I just finished a late-Victorian garden design for a class. Part of my research included reading primary sources, such as William Robinson's The English Flower Garden, and digging up antique nursery catalogues to determine which plants and their varieties were available and popular in the late 1800s. 

In the RBGE library, one of my happy places on Earth, I found a catalog from the Veitch nursery. According to the Vietch Family History site, in 1771 a 19-year old Scot named John Veitch traveled to England and by 1808 had begun a nursery. John's son, James, and his son grew the nursery and purchased its Chelsea location in 1853. The dynasty carried on through the height of the Victorian plant collecting craze, with the nursery sending 23 collectors around the globe. These plant hunters returned with many of the specimens you'd recognize in a British garden today. One such treasure is the beautiful Davidia involucrata, located in China by Ernest Wilson. Despite being shipwrecked on the way home to England, Wilson managed to save the Davidia seeds. The Veitches were eventually responsible for introducing 1281 plants which were either previously unknown or newly bred varieties. Horticulture would not be the same without this impressive family. 

What impresses me just as much as their story is the beauty of their nursery catalogues, which are illustrated with detailed engravings and, in the late 1800s, very few colour images. In today's era of almost-instant digital photography and computer-aided layouts, the idea of engraving a catalogue is mind-boggling.

I am particularly drawn to these images of gardening tools, which are so beautifully composed that I'd happily hang them on my wall as art. 

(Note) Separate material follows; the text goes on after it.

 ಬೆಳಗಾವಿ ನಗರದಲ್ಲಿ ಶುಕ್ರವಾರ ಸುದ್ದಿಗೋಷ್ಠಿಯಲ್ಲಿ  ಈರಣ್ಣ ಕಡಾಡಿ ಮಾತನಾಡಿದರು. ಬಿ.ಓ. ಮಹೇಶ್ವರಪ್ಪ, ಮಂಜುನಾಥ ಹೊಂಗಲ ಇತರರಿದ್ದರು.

I also enjoy this ad for the brand-new 'Frogmore Selected' tomato, though as I am used to growing 7-foot tall tomatoes outdoors with barely any attention at all, their meticulous indoor cultivation in Britain still strikes me as odd. The testimonials below the images are from the leading horticultural publications of the day, including Joseph Paxton and friend's 'Gardeners' Chronicle' and William Robinson's 'The Garden,' two magazines I've spent countless hours investigating during my studies at RBGE. 

This ad reminds me of one of my favorite watercolours by Eric Ravilious, 'The Greenhouse: Cyclamen and Tomatoes' (1935), which is now in the care of the Tate gallery. Clearly Ravilious too was moved by the beauty of full-to-bursting glasshouse.